Koordinator Pusat Data dan Informasi Operasi (PUSDALOPS) BPBD Binjai, Surya Wijaya, menjelaskan bahwa banjir ini diduga disebabkan oleh curah hujan yang cukup tinggi. Air di Sungai Bingai mulai naik perlahan sekitar pukul 02.00, dan pada pukul 04.00 WIB, ketinggian air mencapai titik kritis, yaitu empat meter.
Selanjutnya, Sungai Mencirim juga mulai meluap sekitar pukul 05.30 WIB dengan ketinggian yang sama, mencapai empat meter. Surya menjelaskan bahwa kedua sungai ini merupakan sungai terbesar di Kota Binjai.

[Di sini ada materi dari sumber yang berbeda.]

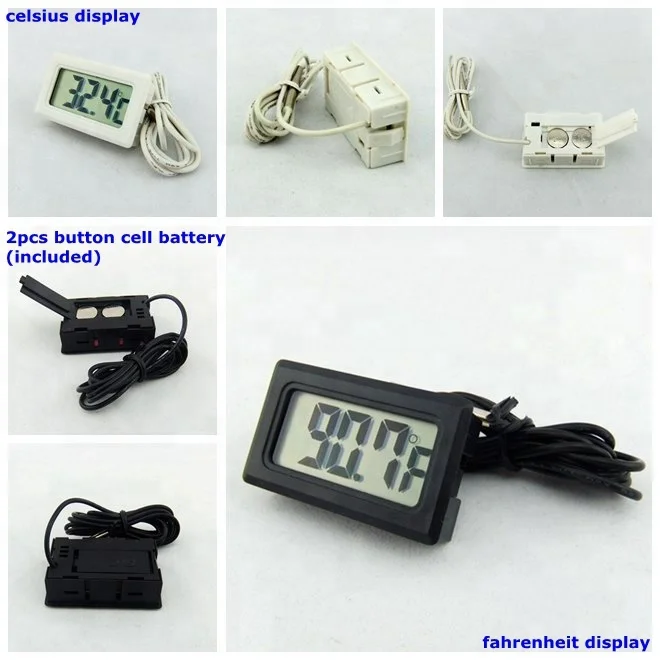 Waterproof Sensor LCD Digital Temperature Indicator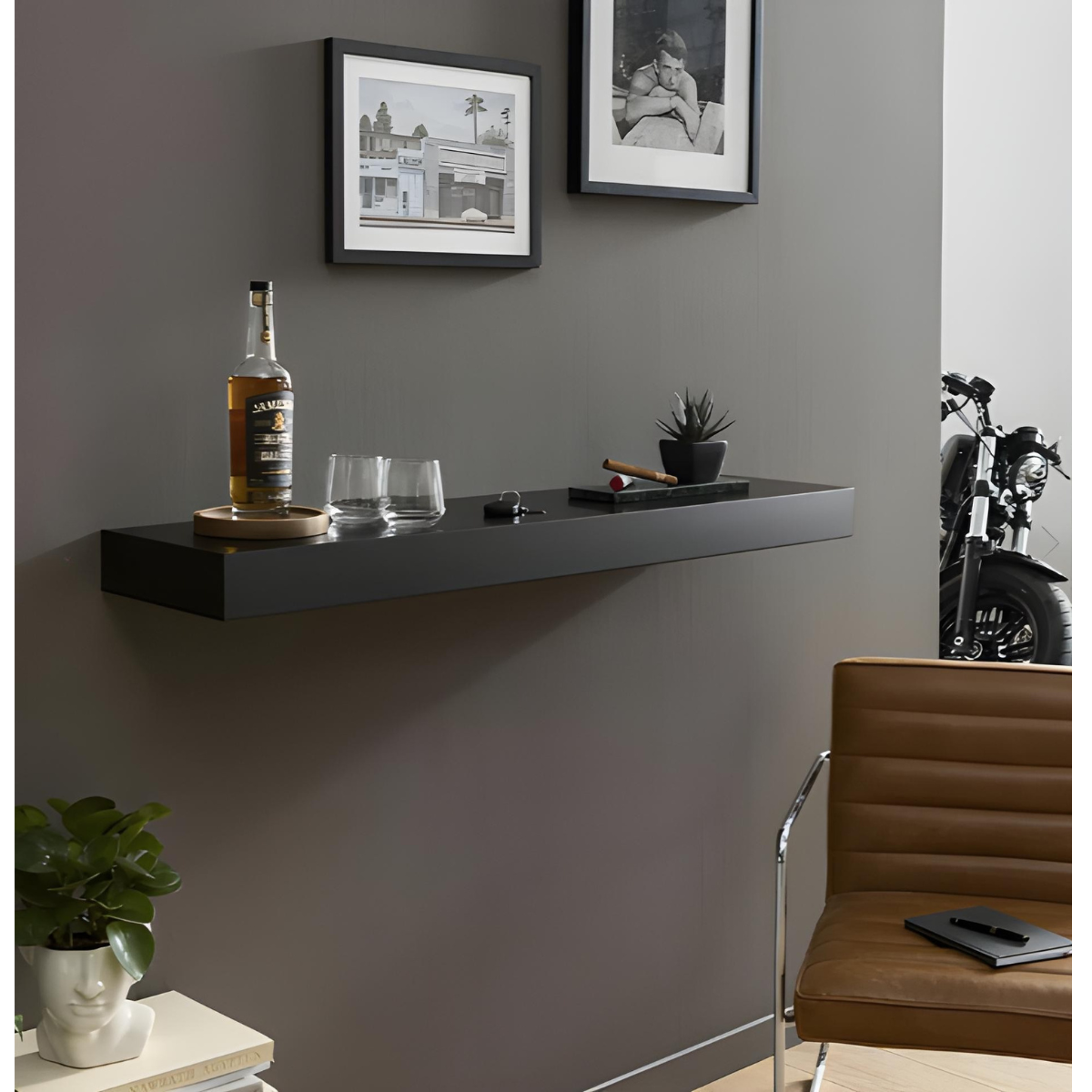 Stealth Shelf - Wall Mounted Shelf w/ Hidden Storage Compartment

Akibat luapan kedua sungai tersebut, sebanyak 999 kepala keluarga dengan total 3.541 jiwa terdampak banjir di enam kelurahan dan empat kecamatan. Kecamatan yang terdampak antara lain Binjai Kota, Binjai Selatan, Binjai Timur, dan Binjai Utara. Surya mengungkapkan bahwa kondisi yang paling memprihatinkan terjadi di Kelurahan Mencirim, karena pemukiman warga di sana sangat padat dan banyak dihuni oleh lansia.
Sampai saat ini, BPBD Binjai telah mendirikan dua posko dapur umum, posko kesehatan, dan posko pengungsian di dua titik, yaitu di Kelurahan Setia dan Kelurahan Rambung Timur. Surya menyampaikan bahwa hingga saat ini, belum ada laporan mengenai korban jiwa akibat banjir ini. Namun, data yang diperoleh masih bersifat sementara, dan pihak berwenang akan terus menyampaikan informasi lebih lanjut kepada masyarakat.
Pihak BPBD Binjai terus bekerja keras untuk mengatasi situasi ini, dan harapannya agar banjir segera surut dan warga yang terdampak dapat mendapatkan bantuan yang diperlukan. Semua pihak diharapkan dapat bersatu dan saling membantu dalam menghadapi cobaan ini.